Beş Örgütsel Öğrenme Disiplini
Ticari kapitalizmin ortaya çıkmasıyla birlikte, kitlesel üretime geçilmesi ve sistemin devamını
sağlayacak insan gücü yetiştirilmesi amacıyla bugünkü okul sisteminin prototipleri ortaya
çıkmıştır. Bu amaçları gerçekleştirmek için de insanların otoriteye boyun eğerek, sormadan,
sorgulamadan kurallara uymalarını sağlayacak programlar, yapı ve süreçler oluşturulmuştur.

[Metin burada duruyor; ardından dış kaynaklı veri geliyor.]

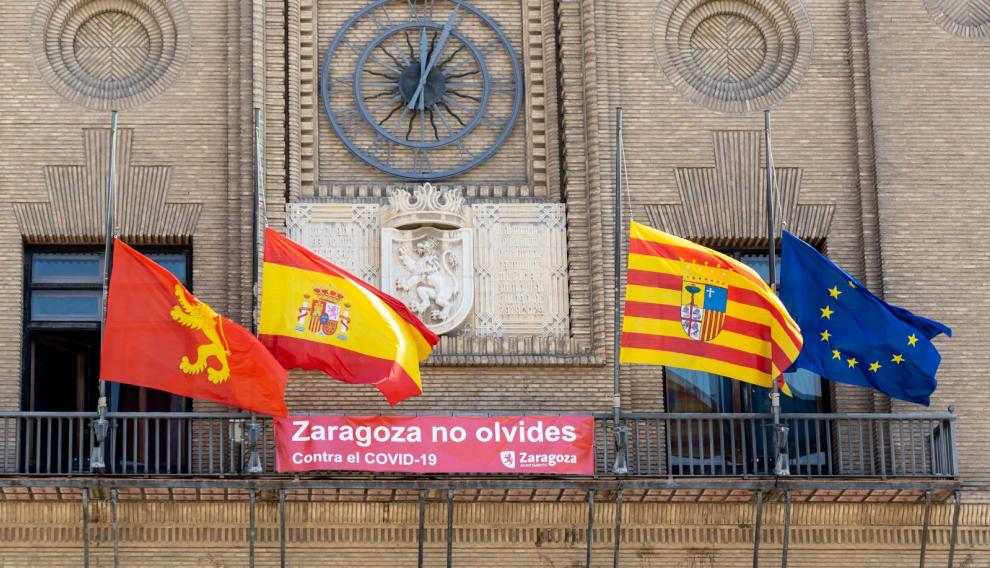 Las banderas del Ayuntamiento de Zaragoza ondean a media asta.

Okulların ve eğitim sistemlerinin ana hedefleri değişmemekle birlikte, bugün insanları daha
otonom davranmaları, liderlik özellikleri kazanmaları, zorlu meseleleri güvenli bir şekilde
sorgulamaları ve kimi beklentileri şekillendiren düşünme alışkanlıklarının daha fazla
bilincinde olmaları istenmektedir.
Bu disiplinlerden ilki, kişisel ustalık becerisi kazanmaktır. Kişisel ustalık, hayatımızın mevcut
gerçekliğinin gerçekçi bir şekilde değerlenmesi ve mantıksal bir kişisel vizyon oluşturmaktır.
İkincisi, paylaşılan vizyon olan müşterek amaç üzerinde bir odak oluşturmak anlamına
gelmektedir. Ortak bir amacı olan insanlar, okul örgütünün ortak hedeflerini gerçekleştirmek
için bir grup kurma veya bir organizasyon ortaya çıkarma eğiliminde olurlar.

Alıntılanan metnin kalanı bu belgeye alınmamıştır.